The decision in National Wildlife Federation v. National Marine Fisheries Service has reopened the prospect of removing Snake River dams.

Politics Unsettled

According to Jan Hasselman, National Wildlife Federation attorney, “Northwest political leaders oppose dam removal because they think they can have salmon and dams. If they realize they must choose, they will choose salmon and Congress will follow their lead.”

But dam removal proposals get a mixed reception among politicians. Democratic President Bill Clinton and 2000 Presidental candidate Al Gore avoided the issue. Republican George W. Bush condemned dam removal as a candidate and later as President. Only Green Party candidate Ralph Nader endorsed the idea.

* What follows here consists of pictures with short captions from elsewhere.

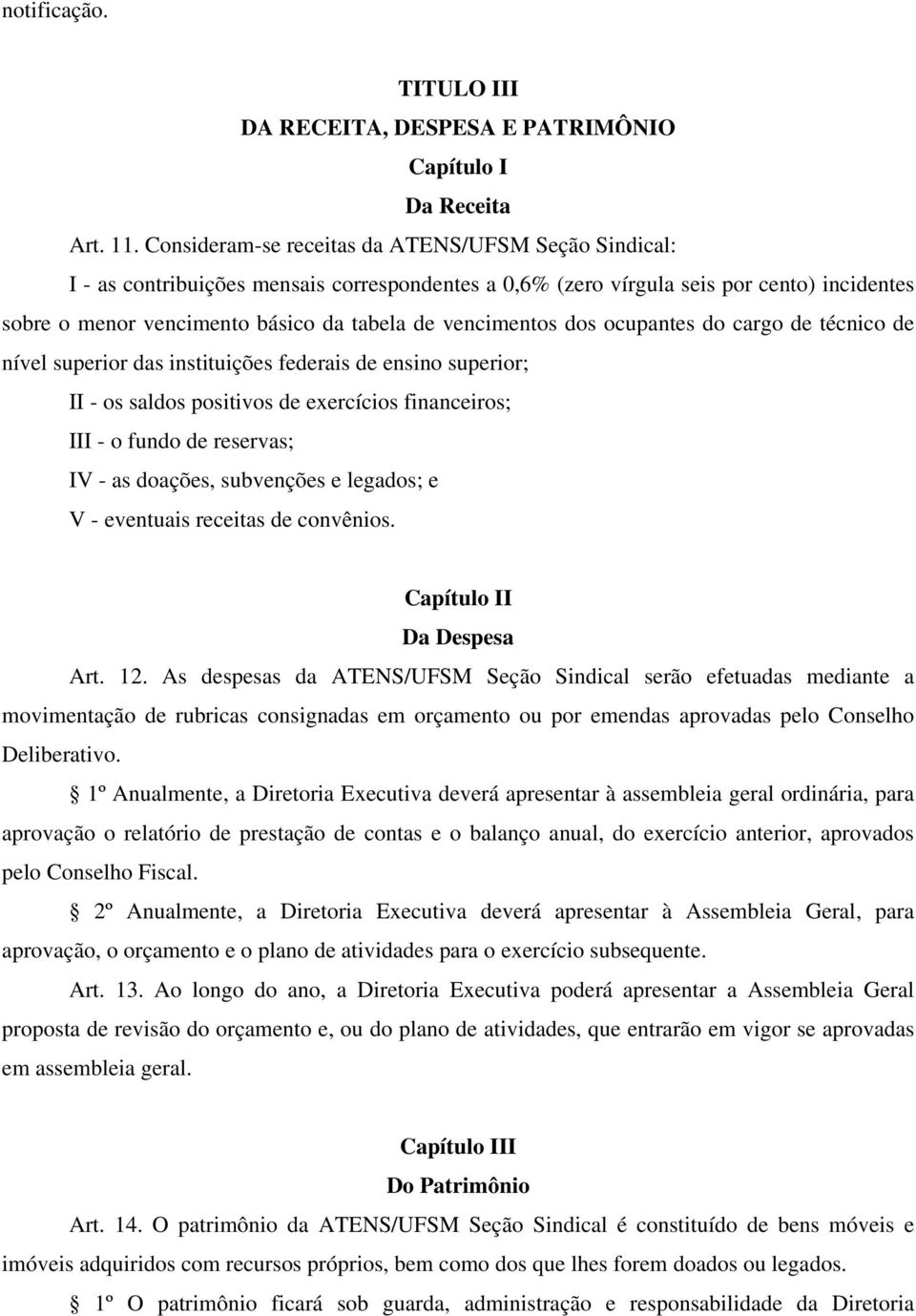 vencimentos dos ocupantes do cargo de técnico de nível superior das instituições federais de ensino superior; II - os saldos positivos de exercícios financeiros; III - o fundo de reservas; IV - as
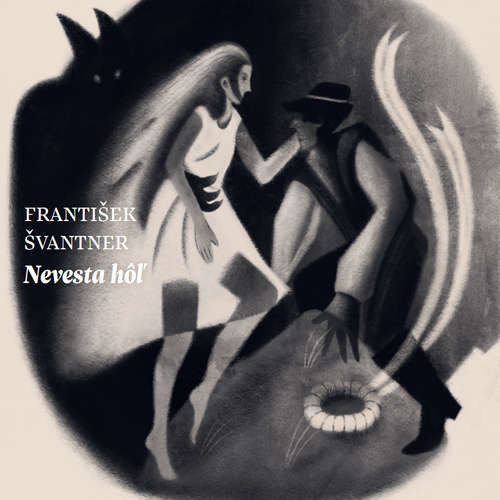 Nevesta hôľ - František Švantner (mp3 audiokniha)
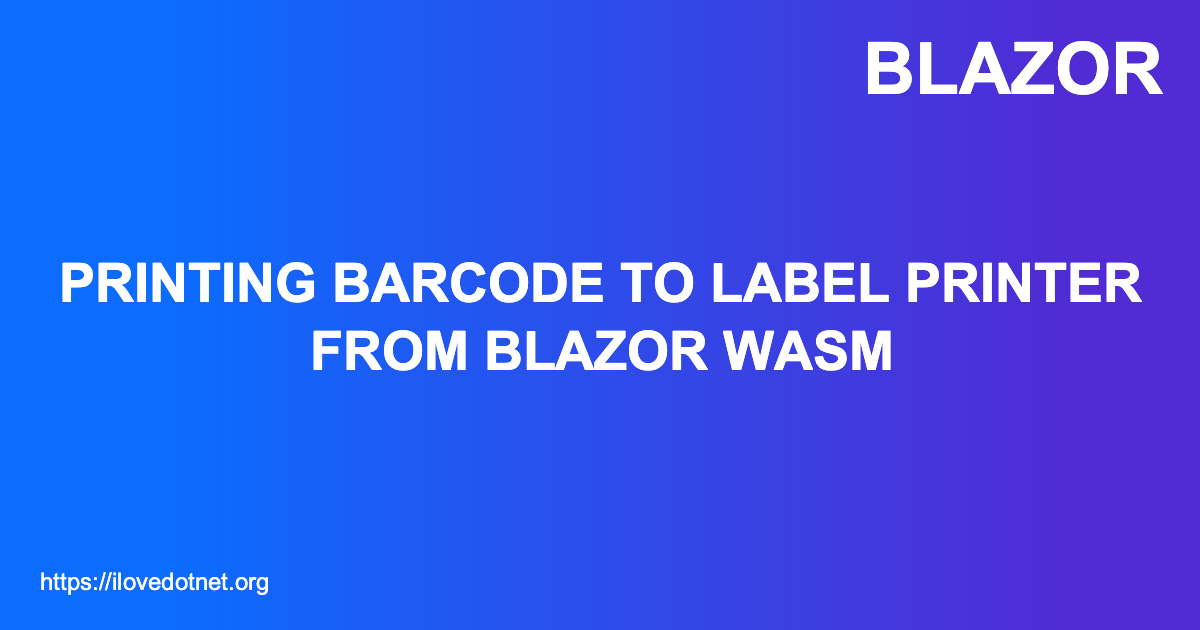 Printing barcode to label printer from Blazor WASM I ️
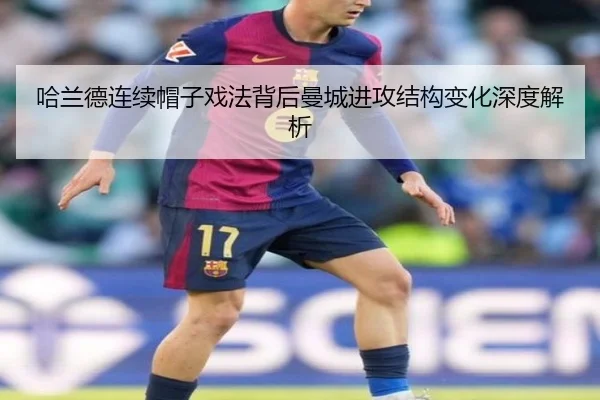 哈兰德连续帽子戏法背后曼城进攻结构变化深度解析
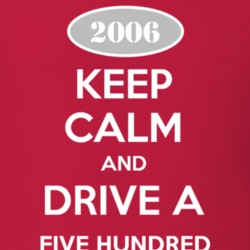 Keep Calm and Drive A 2006 Five Hundred T Shirt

The pro-dam removal Salmon Planning Act (HR 1097), introduced in the House of Representatives in March, has more than 90 co-sponsors, mostly Democrats. Virtually all represent Eastern, Midwestern, and California constituencies. The bill’s only Northwest supporter is its sponsor, Seattle Democrat Jim McDermott. Regional governors (two Democrats, two Republicans) recently called dam removal “divisive and polarizing.”

Salmon Recovery

Worse for the dam busters, the salmon are returning–nearly two million in 2001, a record since counting began in 1938. Though most are hatchery fish, gains are spread widely, including wild fish and ESA-listed populations. While ocean conditions always cause cycles in the salmon population, consistent improvement since 1997 suggests long-term progress.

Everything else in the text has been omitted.